Eaton Corp. has a rich history of technology and innovation aimed at increasing fuel economy and improving overall efficiency. The group charged with maintaining that flow of fresh technology into the Eaton Vehicle Group is the Vehicle Technologies and Innovation team. Mihai “Mike” Dorobantu, an SAE International member since 2008, is director of this team responsible for finding and cultivating new and significant growth opportunities. AEI Assistant Editor Matthew Monaghan recently caught up with Dorobantu to discuss the R&D efforts underway at the company.
The Vehicle Technologies and Innovation team was formerly known as the Truck Technology team, what was behind the change?
We reflected the fact that in 2009 we formed the vehicle business out of the truck business and the automotive business. This was implemented because the two former businesses were really starting to intersect. The passenger car people were looking for extending their applications to heavier vehicles; the heavy-duty truck people were starting to look at expanding their applications into lighter vehicles, and it became clear that the two businesses were meeting with the same customers. So there was a lot of synergy to put all the technologies together and offer a significant portfolio to the same customers. From an R&D perspective, we now look at the vehicle as a whole, at least the powertrain as a whole, and we do advanced R&D programs that leverage this position and offer significant fuel-economy value.
How do you go about fostering innovation at your company?
It starts with a very deliberate decision to invest in R&D and sponsor R&D at the senior level. Because of that, it’s not just putting money to it, but it’s also building the organization and building the capability, hiring the right Ph.D.'s in the critical technology areas. The third piece of this is asking the question, what should we be doing R&D on? For that, we have structured events by which we interrogate the market and try to discover the unmet needs, sometimes even the unarticulated needs of the future market, and in that we involve our customers, thought-leaders, the government from a regulatory perspective, and all kinds of stakeholders from the transportation business to help us focus on what the real issues are.
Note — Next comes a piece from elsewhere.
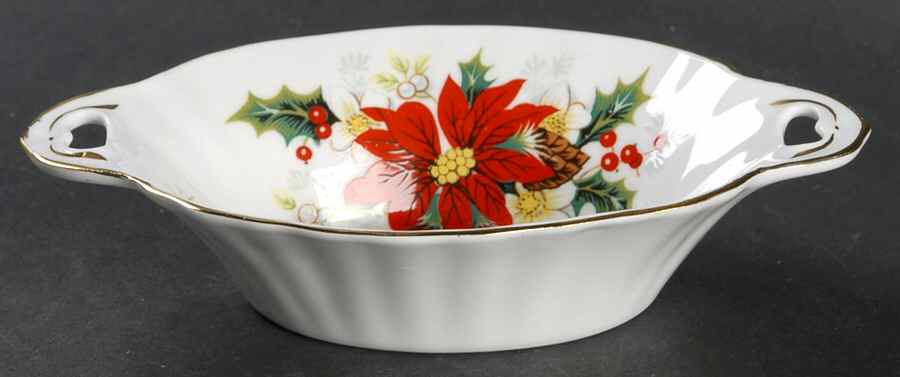 Yuletide (Fluted and Ribbed) 5" Oval Sweet Meat Dish by Royal Albert-1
Where is your group seeing the largest opportunity for fuel-economy improvement?
I don’t think there is one solution. There is certainly a number of significant areas from which we can see a lot of fuel-economy benefit. The first one is really around how the engine is operated, optimizing the active part of the engine, which is the air system and to some extent the fuel system. The second big driver is engine-transmission optimization. There are things that can be done on the engine but only provided that the transmission satisfies certain functions. The third piece for fuel economy lies broadly in automation. Moving away from manual transmissions that also need big engines running fast, whereas fuel economy needs small engines running slow. Intelligent automation that takes into account what’s happening on the road through either radar or GPS signals so that you understand the grade of the road or even traffic information that tells you about the traffic and traffic speed. The fourth piece is hybridization. Hybridization doesn’t really work for every application, but for applications like the vocational space, it can deliver.
Eaton offers transmissions with up to 18 speeds, do you see that growing even further?
We don’t see a need for more speeds. I think the changes that we’re going to see are more on the architecture of the transmissions. Eaton is investing a lot in new transmission architectures that will eventually replace the manual transmission and even the automated mechanical transmission. Today the transmission architecture is really driven by fuel economy. The reason we have 18 speeds is because we have some performance applications where vehicles have to launch off very steep grades with very heavy loads, so we need a lot of ratios for startability and gradeability. But from a fuel-economy perspective, anywhere between 10 to 14 speeds covers what you need from a fuel-economy perspective.
Where is your group focusing its efforts to achieve size reduction of batteries?
When we’re looking at batteries, we’re finding that if we assume that we don’t know anything about the drive cycle and if we assume we don’t know anything about the driving environment we are forced to use a relatively large battery so that we can provide the hybrid functions of the vehicle essentially under any circumstance. I think if we take some of the things from the intelligent automation about the predictive nature of the drive cycle you have a lot of information that may allow you to manage the engine and the electrical motor generated torque differently such that among others you can reduce the size of the battery. We have an advanced project funded by ARPA-E that looks at the hybrid vehicle as a whole. From simulations we have reasons to believe that we can probably reduce the battery size by 50% in most of our hybrids, but that involves using information that is either available today or will be available shortly about the environment in which the vehicle is being operated.